Researchers claim to have created a model that forecasts the likely evolution of COVID-19-causing S-CoV-2 virus variations.
The model’s predictions of viral evolution, according to researchers from the University of Cologne in Germany and the Icahn School of Medicine in the US, can be used to help create vaccines that are as effective as possible against potential future variations.
Predictive modeling is a mathematical technique that examines patterns in a given set of input data to forecast future occurrences or results.
Which of the Covid variants can evade human immunity, proliferate throughout the population, and ultimately emerge as new major variants is predicted by the model.
It also predicts probable escape evolution pathways before new Covid variants appear, according to a study that was published in the journal Cell.
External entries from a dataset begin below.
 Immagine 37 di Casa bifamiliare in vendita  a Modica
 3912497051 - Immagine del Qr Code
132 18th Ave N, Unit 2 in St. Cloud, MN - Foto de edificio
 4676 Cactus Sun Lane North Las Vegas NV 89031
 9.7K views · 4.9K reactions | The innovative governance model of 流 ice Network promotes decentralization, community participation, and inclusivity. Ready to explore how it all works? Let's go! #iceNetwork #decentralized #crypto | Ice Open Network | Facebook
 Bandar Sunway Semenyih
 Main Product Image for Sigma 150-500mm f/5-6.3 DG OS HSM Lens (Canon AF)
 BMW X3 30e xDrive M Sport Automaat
In subsequent epidemic waves during the S-CoV-2 pandemic, a new variant superseded the old one.
But now, a number of Covid variations are in competition with one another and are circulating concurrently throughout the world.
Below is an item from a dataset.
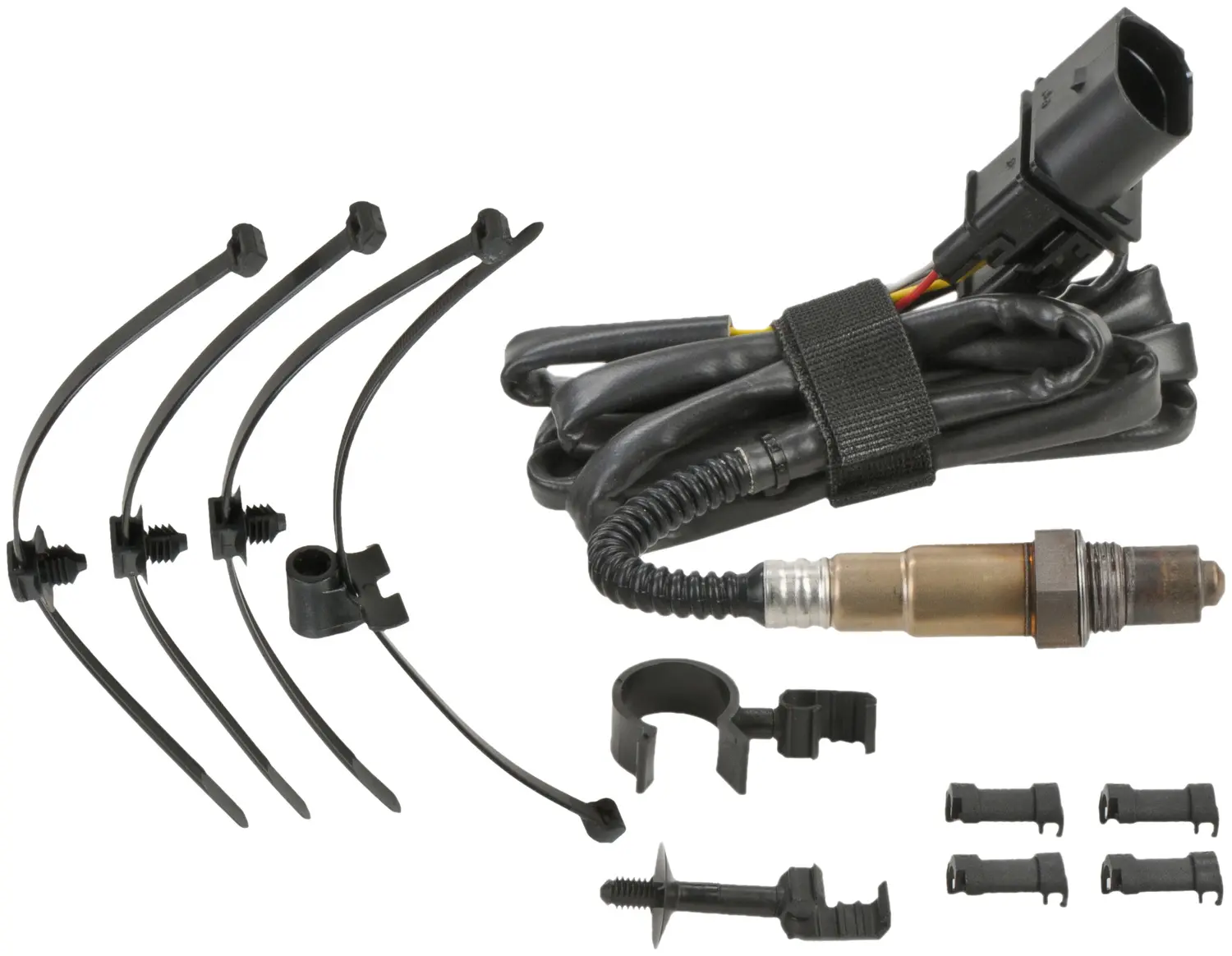 Oxygen Sensor miniature 4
Predictive models are then crucial in identifying the variants that are most likely to become dominant in the near future, according to the researchers.
On the one hand, internal alterations in new variants may improve transmissibility. However, they noted that immunity to earlier versions has been developed through prior infections or immunizations.
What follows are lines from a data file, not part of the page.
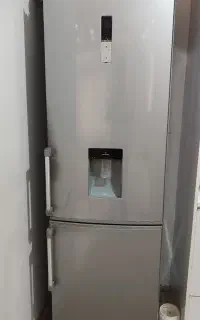 یخچال فریزر امرسان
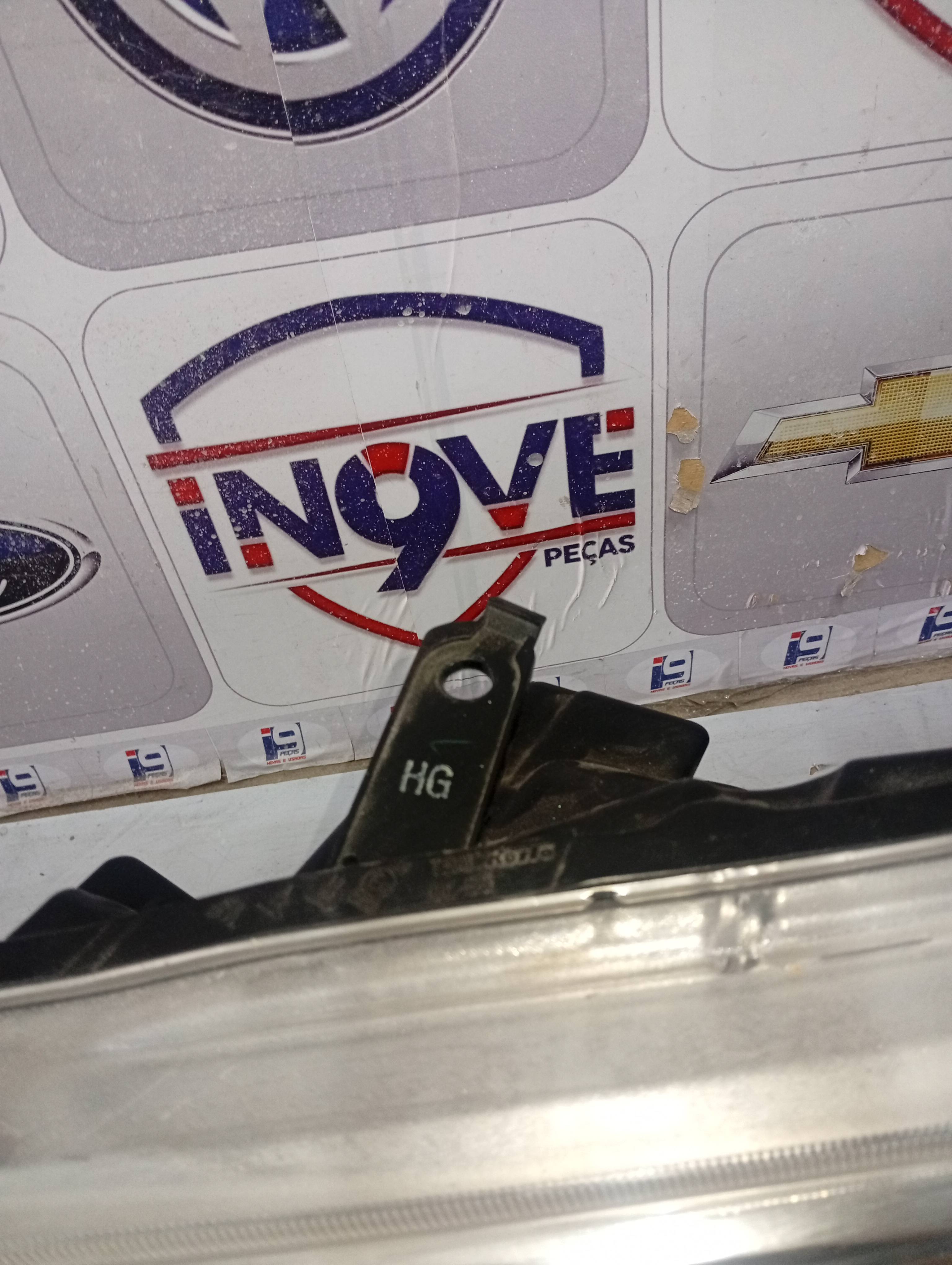 Farol LED Toyota Hilux SRX 2016-2019 - Imagem 6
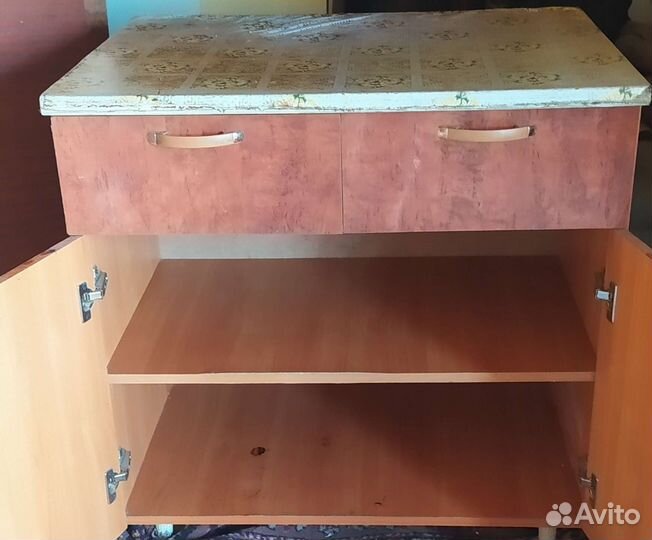 Кухонный гарнитур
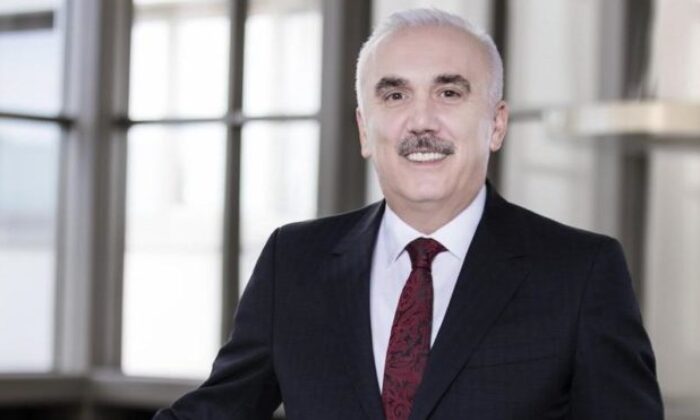 TBB Başkanı Aydın: TL özendirilmeli
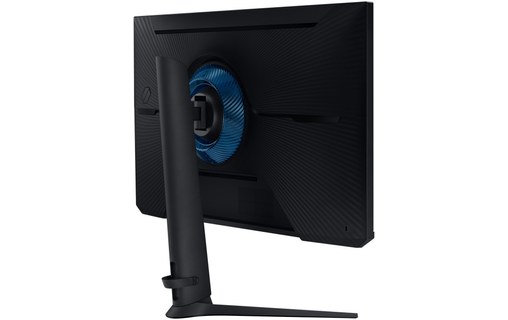 Écran Gaming 27" Samsung Odyssey G3 G30D - 180 Hz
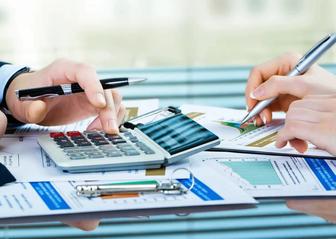 Бухгалтерские услуги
These variables are used by the new model to compute fitness differences between variants.The study demonstrates that the primary driver of S-CoV-2’s evolution is now human immunity.
“This implies that the virus will continue to generate new variants even after the pandemic is over, and we need timely data on them,” Cologne Institute for Biological Physics Professor Michael Lassig said.
Lassig, the study’s lead author, stated, “Our results show how important continued, internationally coordinated surveillance of the S-CoV-2 virus is.”
The World Health Organization receives recommendations on influenza vaccine selection from Lassig’s lab, which has been working on predictive analysis of the flu virus for years.